| EXTRACTED MATERIAL |
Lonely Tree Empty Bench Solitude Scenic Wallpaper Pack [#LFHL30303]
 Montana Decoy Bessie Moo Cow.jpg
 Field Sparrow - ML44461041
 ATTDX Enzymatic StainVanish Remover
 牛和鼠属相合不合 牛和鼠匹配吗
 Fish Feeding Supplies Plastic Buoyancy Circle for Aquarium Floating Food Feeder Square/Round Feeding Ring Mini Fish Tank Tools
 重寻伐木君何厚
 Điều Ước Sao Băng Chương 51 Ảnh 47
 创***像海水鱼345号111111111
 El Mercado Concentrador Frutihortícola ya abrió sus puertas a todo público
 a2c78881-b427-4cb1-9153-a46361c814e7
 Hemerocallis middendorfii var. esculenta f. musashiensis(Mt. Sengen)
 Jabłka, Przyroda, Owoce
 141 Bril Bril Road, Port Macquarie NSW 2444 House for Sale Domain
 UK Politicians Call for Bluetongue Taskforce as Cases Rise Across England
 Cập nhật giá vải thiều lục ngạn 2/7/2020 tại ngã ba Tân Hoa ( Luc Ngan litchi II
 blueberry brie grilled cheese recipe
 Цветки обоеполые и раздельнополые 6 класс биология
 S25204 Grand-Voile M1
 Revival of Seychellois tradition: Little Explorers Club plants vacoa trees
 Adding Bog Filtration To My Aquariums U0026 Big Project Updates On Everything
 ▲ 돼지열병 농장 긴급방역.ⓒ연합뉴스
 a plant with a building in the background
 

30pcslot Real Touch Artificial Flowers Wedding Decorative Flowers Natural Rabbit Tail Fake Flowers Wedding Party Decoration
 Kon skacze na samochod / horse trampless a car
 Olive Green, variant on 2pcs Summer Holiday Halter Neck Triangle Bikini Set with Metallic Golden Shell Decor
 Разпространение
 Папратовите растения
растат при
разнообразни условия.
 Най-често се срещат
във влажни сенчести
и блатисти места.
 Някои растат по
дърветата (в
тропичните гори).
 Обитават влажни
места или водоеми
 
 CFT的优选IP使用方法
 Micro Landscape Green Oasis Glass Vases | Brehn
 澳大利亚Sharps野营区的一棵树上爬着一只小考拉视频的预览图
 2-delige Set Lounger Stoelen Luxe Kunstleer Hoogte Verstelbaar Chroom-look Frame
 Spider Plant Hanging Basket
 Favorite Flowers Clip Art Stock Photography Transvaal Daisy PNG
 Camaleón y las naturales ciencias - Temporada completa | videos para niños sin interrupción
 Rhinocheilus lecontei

| EXERCISE DESCRIPTION |
Transcribe, exactly and without additions, the lines of the records above, beginning with the line that contains "Hemerocallis middendorfii var." and ending with the line that contains "Kon skacze na", both included.

| FINISHED EXERCISE |
 Hemerocallis middendorfii var. esculenta f. musashiensis(Mt. Sengen)
 Jabłka, Przyroda, Owoce
 141 Bril Bril Road, Port Macquarie NSW 2444 House for Sale Domain
 UK Politicians Call for Bluetongue Taskforce as Cases Rise Across England
 Cập nhật giá vải thiều lục ngạn 2/7/2020 tại ngã ba Tân Hoa ( Luc Ngan litchi II
 blueberry brie grilled cheese recipe
 Цветки обоеполые и раздельнополые 6 класс биология
 S25204 Grand-Voile M1
 Revival of Seychellois tradition: Little Explorers Club plants vacoa trees
 Adding Bog Filtration To My Aquariums U0026 Big Project Updates On Everything
 ▲ 돼지열병 농장 긴급방역.ⓒ연합뉴스
 a plant with a building in the background
 

30pcslot Real Touch Artificial Flowers Wedding Decorative Flowers Natural Rabbit Tail Fake Flowers Wedding Party Decoration
 Kon skacze na samochod / horse trampless a car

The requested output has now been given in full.